Она сделала знак, отвращающий зло в её родных степях, и Врени повторила её жест.
— Дака, — начала она, сама себя проклиная, — мне нужна твоя помощь.
— Так что ж ты молчишь? — удивилась Дака. — Ты знаешь. Ты спасла Иргая. Я всё сделаю, что ты скажешь!
— Ко мне пришёл... мой названный брат, — медленно начала цирюльница. Она вроде бы и не врала, но говорить правду было противно. — Его... сестра... другая сестра... подобрала... приютила... девочку. Маленькую девочку.
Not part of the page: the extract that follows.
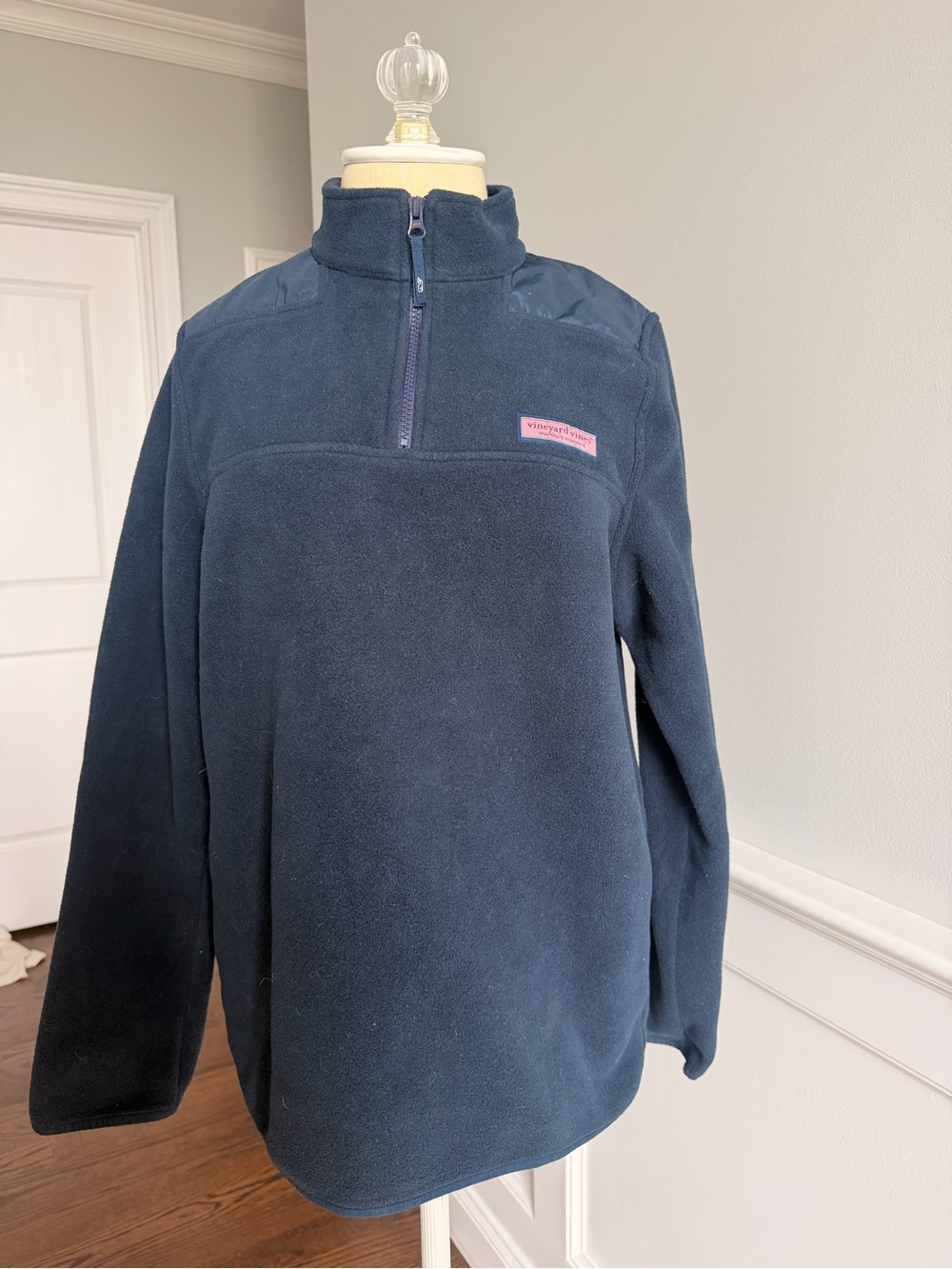 Vineyard Vines Navy Blue Quarter-Zip Fleece Pullover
Но она давно рожала, у неё нет молока. Девочке нужна мать, которая её выкормит.
— И всё? — засмеялась Дака. — Чего ж ты испугалась? Девочка — хорошо! Помочь сестре — хорошо! Всё хорошо. Где она?
— Она не здесь, за ней надо сходить.
— Так пойдём! — откликнулась Дака и принялась пеленать своего сына. — Врени! Чего ты боишься?
— Девочка — оборотень, — сказала наконец цирюльница.
Дака долго молчала, а её руки продолжали укутывать младенца.
— Да, — сказала наконец она. — Трудно. Маленькая? Бросили её?
— Он не знает, — ответила Врени. — Он думает, её родителей убили, а её бросили умирать в лесу. Она... она не растёт. У его сестры нет молока, она ест волчью пищу как волчонок. И не растёт как девочка.
— Ой, трудно, — покачала головой Дака. Укутав сына, она принялась ловко приматывать его себе за спину. — Что сидишь? Пойдём.
— Ты согласна?!
— Сёстрам помогать надо, — ответила Дака. — Девочка чем виновата? Вырастет — будет как Серый. Серый хороший человек.
— Ты не понимаешь, — запротестовала Врени. — Она волчонок, она, может, вовсе не сможет жить как человек.